Goal of the exercise: Go to the line containing "LOTE 291 - 02" and return it and each line after it exactly, through the end of the data below, and nothing more.
*** Material for this task Section Begins ***
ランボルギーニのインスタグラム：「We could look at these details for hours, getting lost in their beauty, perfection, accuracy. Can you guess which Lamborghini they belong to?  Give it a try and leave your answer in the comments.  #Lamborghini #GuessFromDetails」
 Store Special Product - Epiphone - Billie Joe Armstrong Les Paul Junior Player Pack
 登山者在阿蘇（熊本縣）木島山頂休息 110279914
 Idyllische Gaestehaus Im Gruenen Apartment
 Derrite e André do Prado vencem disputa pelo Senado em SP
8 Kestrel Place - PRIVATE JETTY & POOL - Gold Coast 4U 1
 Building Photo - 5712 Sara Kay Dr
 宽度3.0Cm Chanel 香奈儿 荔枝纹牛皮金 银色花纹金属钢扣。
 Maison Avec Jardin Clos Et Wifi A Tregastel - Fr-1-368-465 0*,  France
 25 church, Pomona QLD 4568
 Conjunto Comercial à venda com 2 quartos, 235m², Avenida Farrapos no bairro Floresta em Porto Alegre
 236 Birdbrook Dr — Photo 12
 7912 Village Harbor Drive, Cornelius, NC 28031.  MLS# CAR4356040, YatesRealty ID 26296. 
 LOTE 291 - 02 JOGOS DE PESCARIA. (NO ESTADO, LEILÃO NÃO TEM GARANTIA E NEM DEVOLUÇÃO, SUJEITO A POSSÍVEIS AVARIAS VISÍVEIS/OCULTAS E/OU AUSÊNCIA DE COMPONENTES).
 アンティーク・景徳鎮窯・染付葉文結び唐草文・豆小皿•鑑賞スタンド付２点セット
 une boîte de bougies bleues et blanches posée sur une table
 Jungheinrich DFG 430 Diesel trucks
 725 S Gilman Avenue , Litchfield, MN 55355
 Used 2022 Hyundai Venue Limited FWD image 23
*** Material for this task Section Ends ***
Answer for the task:
 LOTE 291 - 02 JOGOS DE PESCARIA. (NO ESTADO, LEILÃO NÃO TEM GARANTIA E NEM DEVOLUÇÃO, SUJEITO A POSSÍVEIS AVARIAS VISÍVEIS/OCULTAS E/OU AUSÊNCIA DE COMPONENTES).
 アンティーク・景徳鎮窯・染付葉文結び唐草文・豆小皿•鑑賞スタンド付２点セット
 une boîte de bougies bleues et blanches posée sur une table
 Jungheinrich DFG 430 Diesel trucks
 725 S Gilman Avenue , Litchfield, MN 55355
 Used 2022 Hyundai Venue Limited FWD image 23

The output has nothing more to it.